Lessons Of History

Two weeks ago, we compared the current Nasdaq bear market to the Great Bear of 1929-1932, but a more relevant comparison could be the 1973-1974 bear market.

Then, as now, the market was led by a collection of pricey stocks dubbed the “Nifty Fifty.” And 1973-1974 was also the worst Nasdaq bear market until the current one came along, with a 60% plunge surpassed only by the Nasdaq’s 68% drop of 2000-2001.

Jeremy Siegel, a professor at the Wharton School and author of Stocks for the Long Run, studied the original Nifty Fifty stocks of the early 1970s, the “one-decision” stocks that investors were told they could buy and hold forever. What he found is something every investor should know.

At their peak in December 1972, the Nifty Fifty traded at a price-to-earnings ratio (PE) of 40, more than twice that of the rest of the S&P at the time. The Nifty Fifty were devastated in the 45% bear market of 1973-1974, losing most of their value in the carnage.

But at least on one level, the view that these stocks were worth twice as much as the rest of the market turned out to be true: from their peak, the Nifty Fifty as a whole matched the performance of the S&P 500 over the next 25 years.

But if investing were about paying up for top names just to match the performance of the S&P, you’d probably sleep better putting your money to work in an S&P 500 index fund and forgetting about it. As 1973-1974 and 2000-2001 show, high PE stocks get hit much harder in economic downturns. Volatility probably drives investors out of the market more than anything else.

What is most interesting is what Siegel found when he looked under the hood of the Nifty Fifty: the Nifty Fifty stocks with PEs over 30 tended to underperform the S&P over the next 25 years, while those with PEs under 30 generally outperformed the market. Even with the best of the best, valuation – and diversification – matter.

The Nifty Fifty’s consumer stocks and pharmaceuticals (Coca-Cola, Philip Morris, Procter & Gamble, Merck and Pfizer) tended to outperform the market over the following 25 years. And every technology stock in the Nifty Fifty (IBM, Xerox, Unisys, Digital Equipment, Polaroid and Kodak) underperformed the S&P in subsequent decades.

However, the tech stocks all fell into the high PE category (Polaroid traded at more than 90 times earnings at its peak), while the consumers and drugs tended to be lower PE stocks, so at least some of the subsequent performance was due to valuation. Most investors don’t understand technology, so they bid tech stocks to irrational peaks when times are good, giving the stocks much more room to fall when the economy sours. Investors either love tech stocks or they hate and fear them; they never approach them rationally, as they would a soup company.

But the underperformance of the Nifty Fifty tech stocks also says something about the nature of technology companies in general. There is no other explanation for why stocks such as Xerox and Polaroid, which held such commanding market presence in the early 1970s, have produced flat to negative returns since then.

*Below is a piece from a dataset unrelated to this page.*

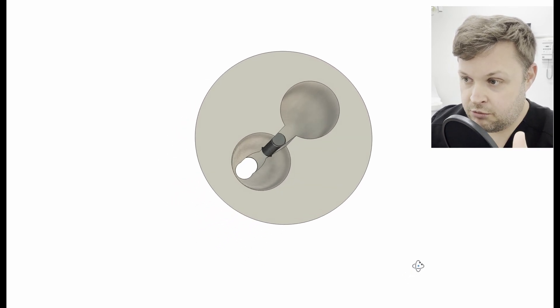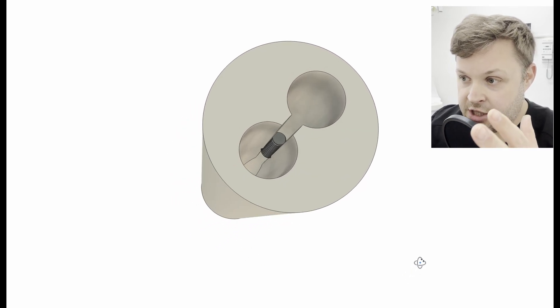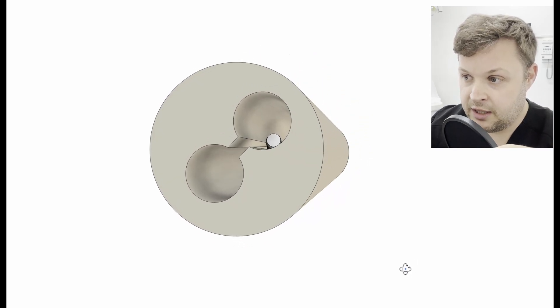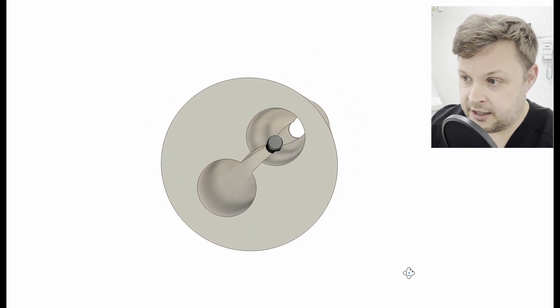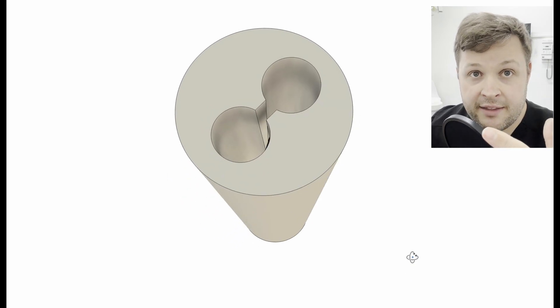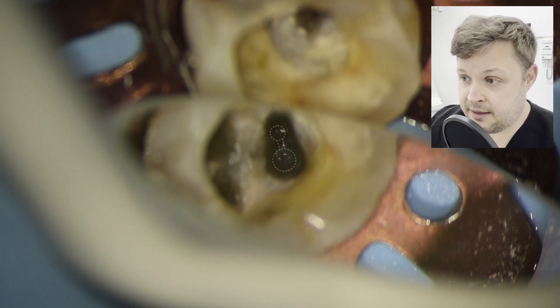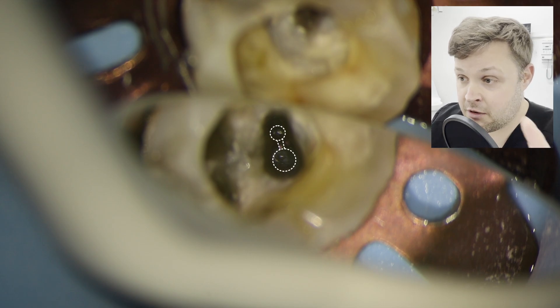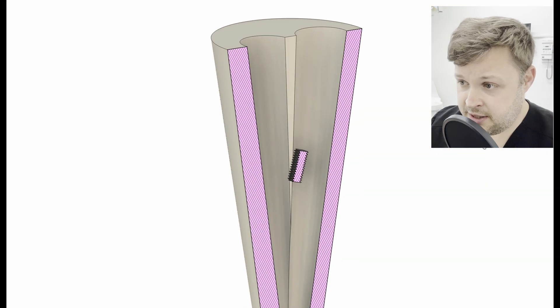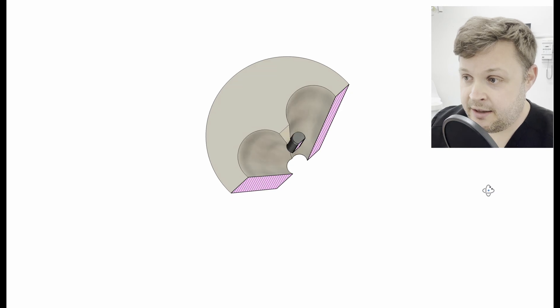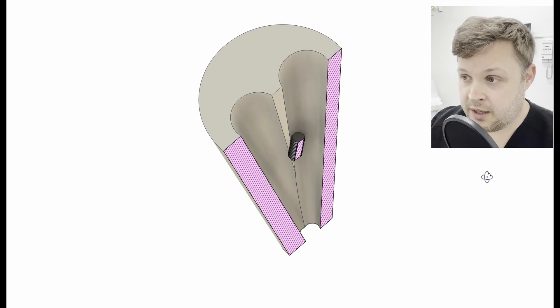I want to use a 3D render here to show you exactly where this file is. It's a distal root with two canals, and the two canals have quite a long fissure down the middle where they are closely associated — it's kind of a figure-of-eight configuration. Using another 3D render, you can see this is where the file is stuck: it's stuck between the two canals.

Most technology companies become slaves to their own technology or standards. They build products at least in part so they are compatible with the previous generation of their products. Cisco’s need to build routers that were compatible with previous models left the door open for Juniper Networks to start with a clean slate and no preconceptions. Rare is the technology company that can reinvent itself to stay on top for more than a few years at a time. IBM has successfully reinvented itself several times, but has produced some mighty lean years in between.

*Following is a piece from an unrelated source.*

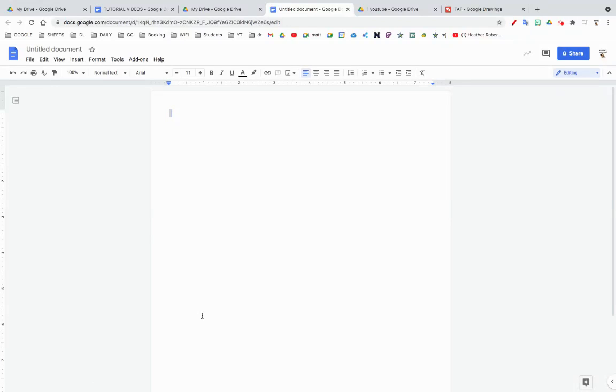Back with another one. I understand there's a lot of ways to insert math into a Google Doc, so I'm just going to show you another way to do it.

It also helps explain why major bear markets tend to be seminal events, leading to significant changes in market leadership. The tech stocks that led the market in the 1990s may not lead in the 2000s. The Oracles, Sun Microsystems and Ciscos may not be the next technology leaders, and their early struggles could be an indication of shifting market leadership. Buying Xerox in the early 1970s would have cost you severely since then, but buying Intel would have made you wealthy. The challenge for tech investors is to spot those emerging leaders. Watch for breakouts and accelerating fundamentals, and ignore laggards.